No explicit split is given.

Dataset Creation

Curation Rationale

The dataset is created as part of Sirihattasak et al (2019) .

Source Data

Initial Data Collection and Normalization

The authors used the public Twitter Search API to collect 9,819 tweets from January–December 2017 based on our keyword dictionary. Then, they selected 75 tweets for each keyword. In total, they collected 3,300 tweets for annotation. To ensure quality of data, they set the following selection criteria.

  • All tweets are selected by humans to prevent word ambiguity. (The Twitter API selected the tweets based on characters in the keyword. For example, in the case of “บ้า(crazy),” the API will also select “บ้านนอก” (countryside)” which is not our target.)
  • The length of the tweet should be sufficiently long to discern the context of the tweet. Hence, they set five words as the minimum limit.
  • The tweets that contain only extremely toxic words, (for example: “damn, retard, bitch, f*ck, slut!!!”) are not considered.
  • In addition, they allowed tweets with English words if they were not critical elements in the labeling decision, for example, the word “f*ck.” As a result, our corpus contains English words, but they are less than 2% of the total.
  • All hashtags, re-tweets, and links were removed from these tweets. However, they did not delete emoticons because these emotional icons can imply the real intent of the post owners. Furthermore, only in the case of annotation, some entries such as the names of famous people were replaced with a tag <ไม่ขอเปิดเผยชื่อ>, for anonymity to prevent individual bias.

    Who are the source language producers?

    Twitter users in Thailand

    Annotations

    Annotation process

    We manually annotated our dataset with two labels: Toxic and Non-Toxic. We define a message as toxic if it indicates any harmful, damage, or negative intent based on our definition of toxicity. Furthermore, all the tweets were annotated by three annotators to identify toxicity; the conditions used for this identification are presented in the following list.

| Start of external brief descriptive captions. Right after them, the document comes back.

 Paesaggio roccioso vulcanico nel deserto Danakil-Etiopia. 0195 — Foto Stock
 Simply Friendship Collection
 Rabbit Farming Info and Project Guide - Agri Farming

    • A toxic message is a message that should be deleted or not be allowed in public.
    • A message’s target or consequence must exist. It can either be an individual or a generalized group based on a commonality such as religion or ethnicity, or an entire community.
    • Self-complain is not considered toxic, because it is not harmful to anyone. However, if self-complain is intended to indicate something bad, it will be considered as toxic.
    • Both direct and indirect messages including those with sarcasm are taken into consideration.

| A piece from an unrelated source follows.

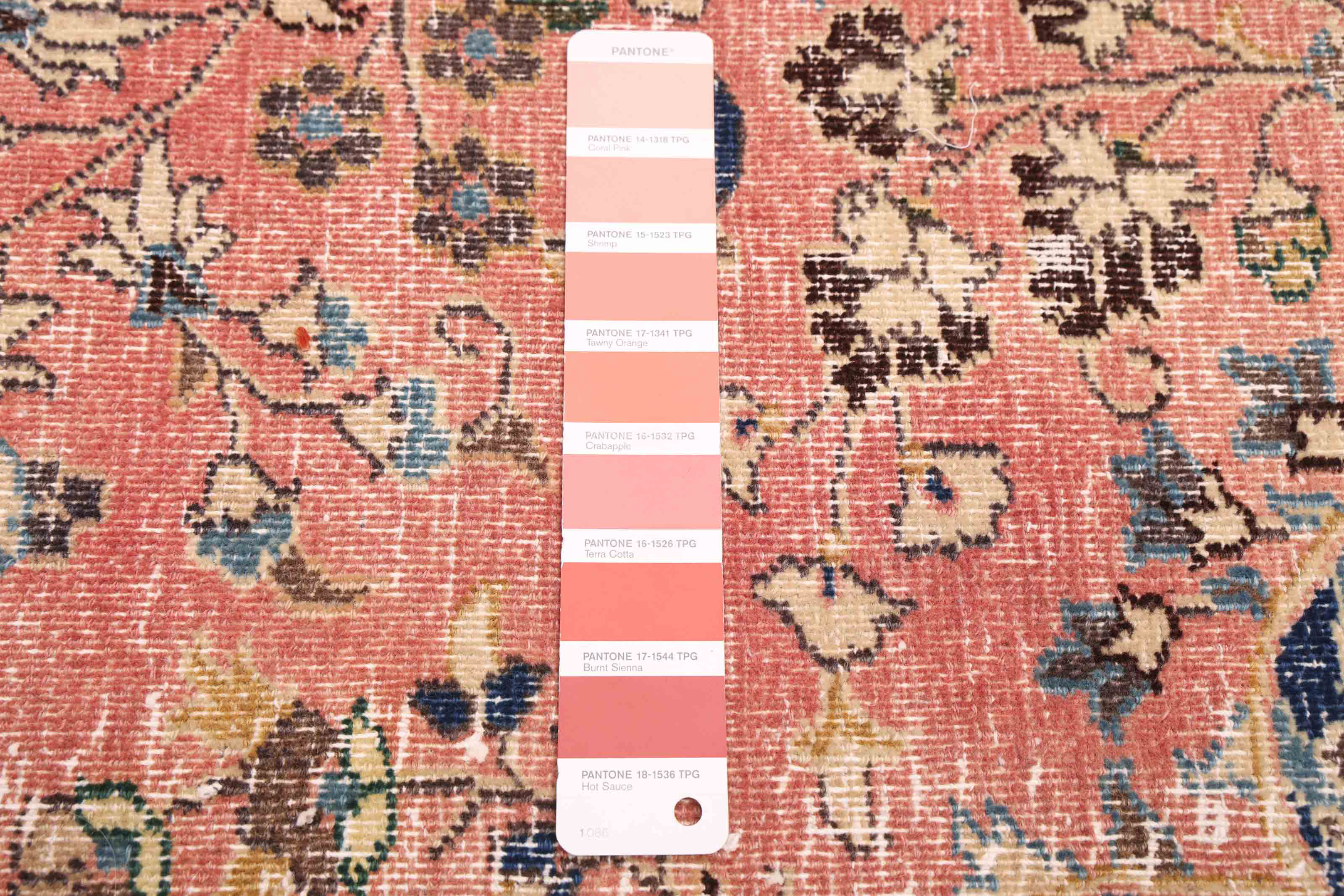 Wildon Home® Antalya Vintage Salmon Rug 8'6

    We strictly instructed all the annotators about these concepts and asked them to perform a small test to ensure they understood these conditions. The annotation process was divided into two rounds. We asked the candidates to annotate their answers in the first round to learn our annotation standard. Then, we asked them to annotate a different dataset and selected the ones who obtained a full-score for the second round as an annotator. From among these annotators, 20% of the annotators failed the first round and were not involved in the final annotation.

    Who are the annotators?

    Three annotators hired by Sirihattasak et al (2019)

    Personal and Sensitive Information

    Despite all tweets being public, due to the nature of toxic tweets, there might be personal attacks and toxic language used.

    Considerations for Using the Data

    Social Impact of Dataset

    • toxic social media message classification dataset

    Discussion of Biases

    • Users are masked before annotation by the annotators to prevent biases based on tweet authors

    Other Known Limitations

    • The data is included into huggingface/datasets in Dec 2020. By this time, 506 of the tweets are not available publicly anymore. We denote these by TWEET_NOT_FOUND in tweet_text .

    Additional Information

    Dataset Curators

    Sirihattasak et al (2019)

    Licensing Information

    CC-BY-NC 3.0

    Citation Information

    Please cite the following if you make use of the dataset:

    @article{sirihattasak2019annotation,
      title={Annotation and Classification of Toxicity for Thai Twitter},
      author={Sirihattasak, Sugan and Komachi, Mamoru and Ishikawa, Hiroshi},
      year={2019}
    }
    

    Contributions

    Thanks to @cstorm125 for adding this dataset.